Между прочим, из книги М. П. Астапенко я наконец в точности выяснил: как ходили казаки на Индию в начале ХIХ века. Что-то подобное я слышал от Отрошенко, читал в его прозе, но наивно полагал, что это все-таки историческая мистификация. Какая там мистификация! Вот голые факты. “К началу 19 в. Павел I резко изменил курс внешней политики: недавние враги России французы вдруг превратились в друзей и союзников, предложивших совместный с россиянами поход в Индию — богатейшую английскую колонию. Павел I согласился.
В январе 1801 г. атаман Орлов через фельдъегеря получил императорский указ, которым предписывалось “собрать все войско на сборных пунктах с запасом провианта на полтора месяца”. Объясняя цель этой военной акции, император писал атаману: ”Англичане приготовляются сделать нападение на меня и союзников моих датчан и шведов. Я готов их принять, но нужно их самих атаковать и там, где удар может быть чувствительней и где менее ожидают. Заведение их в Индию самое лучшее для сего. Подите… с артиллерией через Бухару и Хиву на реку Индус. Приготовьте все к походу. Пошлите своих лазутчиков приготовить и осмотреть дороги. Все богатства Индии будут вам за сию экспедицию наградой. Такое предприятие увенчает вас славой и заслужит мое особое благоволение. Прилагаю карты, сколько их у меня есть””.
Оцените этот сюжет! Итак, при помощи одних карт (“сколько их… есть”) русские казаки должны были “с артиллерией” проделать совершенно неизвестный путь на Индию, захватить ее и тем самым насолить англичанам во славу русского царя. Плата за “экспедицию”… Индия с ее фантастическими богатствами. Но это не сказка, это — быль! Цитирую дальше Астапенко: “Исполняя указ, Орлов за короткий срок сумел мобилизовать более 22 тысяч казаков, способных носить оружие, о чем и информировал императора в своем письме от 20 февраля 1801 г. Поход казаков в Индию, вошедший в историю под названием “Оренбургского похода”, возглавил прибывший на Дон из заключения в Петропавловской крепости сотоварищ Орлова генерал-майор Матвей Платов, которого император назначил заместителем войскового атамана. Поход этот, проходивший в тяжелейших условиях, прервался после убийства Павла I заговорщиками в марте 1801 г.”…
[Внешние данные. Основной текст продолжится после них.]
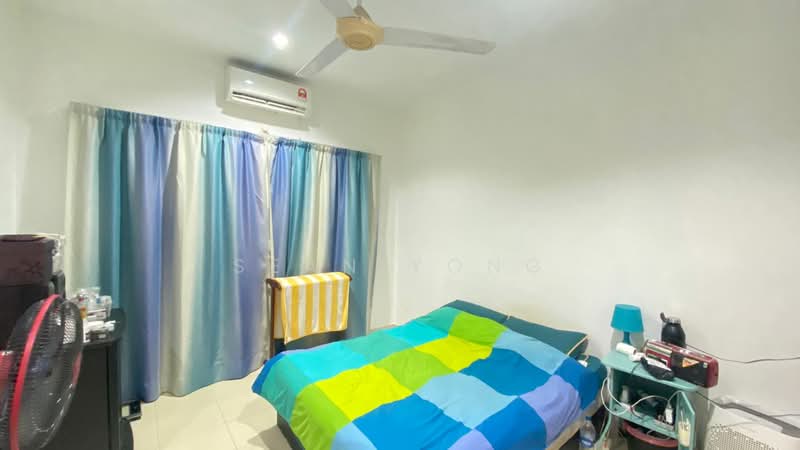 2-storey Terraced House for Sale in Sungai Buloh (Selangor) - Sean Yong - Bedroom - PropertyGuru.com.my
Вот так — “прервался”! Совершенно случайно — из-за смерти царя… А мог бы, стало быть, и не “прерваться”… И русские казаки дошли бы до Гималаев, взяли бы их и свалились, как снег с вершин, на головы ничего не подозревавших индусов и англичан… И, конечно же (как можно сомневаться!), захватили б Индию…
Подумаешь — Индия!
Так что разговоры Отрошенко о “казачьем Неаполе” не случайны. В новочеркасской библиотеке, доме бывшего казачьего собрания, на стене — гипсовая лепнина. Марс и Диана. У Марса на щите первый казачий герб: “елень пораженный стрелой”, символ уязвленной свободы. За спиной Дианы не лук со стрелами. Казачьи шашки.
“Вот же элитарный народец! — подумал я.— Не то что мы, лапти, или “волжские мужички”, создавшие “песню, подобную стону”, и так далее. И как-то не верится, что все мы в общем-то один народ — такие разные, такие бесконечно разные… В одной стране живем”.